L’importance des routes aériennes et terrestres demeure souvent limitée. Le Moyen-Orient représente surtout une zone importante de transit et d’escales pour le transport aérien et le transport terrestre, essentiellement routier, reste local ou régional. Les câbles sous-marins de télécommunications passent pour l’essentiel, depuis un siècle, par la Mer Rouge pour rejoindre l’Asie du sud, depuis l’Europe. L’interconnexion numérique en cours permet de rattraper le retard pris sur les liaisons transatlantiques ou « transpacifiques ». C’est un enjeu de pouvoir régional, au regard de l’isolement relatif de l’Iran à ce titre.
Les routes maritimes parmi les plus stratégiques au plan mondial passent par la région. L’importance des détroits et du canal de Suez est toujours réelle qu’il s’agisse de celui de Bab El-Mandeb, du Bosphore et des Dardanelles ou d’Ormuz. Pour s’en convaincre, un tiers de la flotte de guerre mondiale vogue dans les eaux bordant le Moyen-Orient. L’Iran menace régulièrement de bloquer les exportations de pétrole par le détroit d’Ormuz, à partir de sa base navale de Bandar Abbas. En 1987 et 1988, l'opération maritime « Cleansweep » l’Union de l’Europe occidentale a été déclenchée pour le déminer. Plus récemment, les opérations de lutte contre la piraterie, comme Atalante, et les bases françaises et américaines de Djibouti permettent de sécuriser le détroit de Bab El-Mandeb. En 1956, la crise du canal de Suez, quotidiennement emprunté par 60 navires, a démontré l’importance du canal et la perte de puissance des Européens.
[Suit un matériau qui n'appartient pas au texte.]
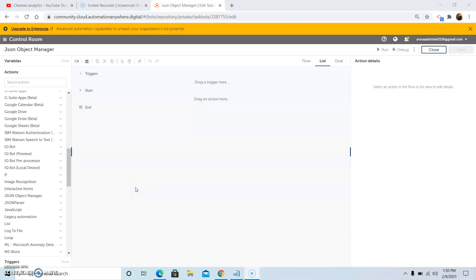Hello friends. Today in this video, we will discuss another topic: JSON Object Manager and JSON Parser. Stay tuned and watch this video till the end so that you do not miss out on any of the steps. If you haven't subscribed to my channel yet, please subscribe and hit the notification icon to get all the latest updates. Without any further delay, let us start our discussion for the day.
Les routes pétrolières internationales empruntent les routes maritimes, des oléoducs et de gazoducs. Ces deux derniers limitent les risques politiques de passage des détroits et font généralement l’objet d’accords internationaux pour le transit des hydrocarbures. Par exemple, le pétrole kurde iraquien peut être exporté via le port de Fao, sur le Golfe persique ou via le port de Ceyhan en Turquie, ce qui permet d’avoir directement accès à la méditerranée. Depuis les années 1980, le pétrole saoudien des zones d’Al-Ghawar, situées à l’Est du pays, est en partie transporté par l’oléoduc Est-Ouest jusqu'au port de Yanbu. Cela permet d’éviter un éventuel blocus du détroit d’Ormuz, en cas de crise grave avec l’Iran.
L’eau, les hydrocarbures et les routes commerciales interrégionales représentent donc des enjeux géopolitiques internes et externes. Toutefois, ils sont intimement liés aux problèmes territoriaux palestiniens et kurdes.
*
2. Les défis des peuples sans terre
La Palestine et le Kurdistan restent des enjeux géopolitiques. Ces problèmes territoriaux, issus des partages frontaliers décidés par les occidentaux au début du XXème siècle, ont des conséquences sécuritaires indéniables sur l’ensemble de la région et sur la stabilité mondiale.
2.1. La partition de la Palestine
Le plan de partage de la Palestine de 1947 fixait la répartition des frontières entre Israël, un Etat arabe et la Transjordanie. Jérusalem, ville sainte pour les musulmans, les chrétiens et les juifs, devait être placée sous statut international. Ce plan constitue le début du problème palestinien et d’une suite de conflits armés déstabilisant cette région : guerre israélo-arabe de 1948, guerre des 6 jours (1967), septembre noir (1970), guerre du Kippour (1973), guerre civile libanaise (1975-1990), opération Cast Lead à Gaza(2008-2009), etc.
La tendance générale depuis 60 ans est une augmentation de l’emprise israélienne en Cisjordanie et un reflux de Tsahal des terres occupées depuis 1967, en dehors de la Cisjordanie. Le processus de création d’un Etat palestinien, à partir de l’Autorité palestinienne, issue du processus d’Oslo, reste erratique.
L’Autorité palestinienne, dominée par l’Organisation de libération de la Palestine, de tendance nationaliste, doit faire face aux problèmes :
- de l’occupation et de la colonisation israélienne de la Cisjordanie et de Jérusalem ;
- de l’émergence de groupes terroristes à majorité palestinienne comme Fatah Al-Islam, liés à Al-Qaïda, et de l’existence de mouvements nationalistes terroristes puissants comme le Front populaire de libération de la Palestine- Commandement général ;
- de l’instabilité politique liée à la victoire élective du Hamas, le 26 janvier 2006, puis à la guerre civile de juin 2007 entre Hamas et Fatah qui entraîna la sécession entre Gaza (1,5 million d’habitants) et de la Cisjordanie (3 millions d’habitants) ;
- de la divergence de destin des différentes populations palestiniennes hors territoire de l’autorité palestinienne : 600 000 réfugiés dans les camps de l’United Nations Relief and Works Agency, environ 4 millions de Palestiniens vivant en dehors des camps au Moyen-Orient et 1,5 million de palestiniens de nationalité israélienne.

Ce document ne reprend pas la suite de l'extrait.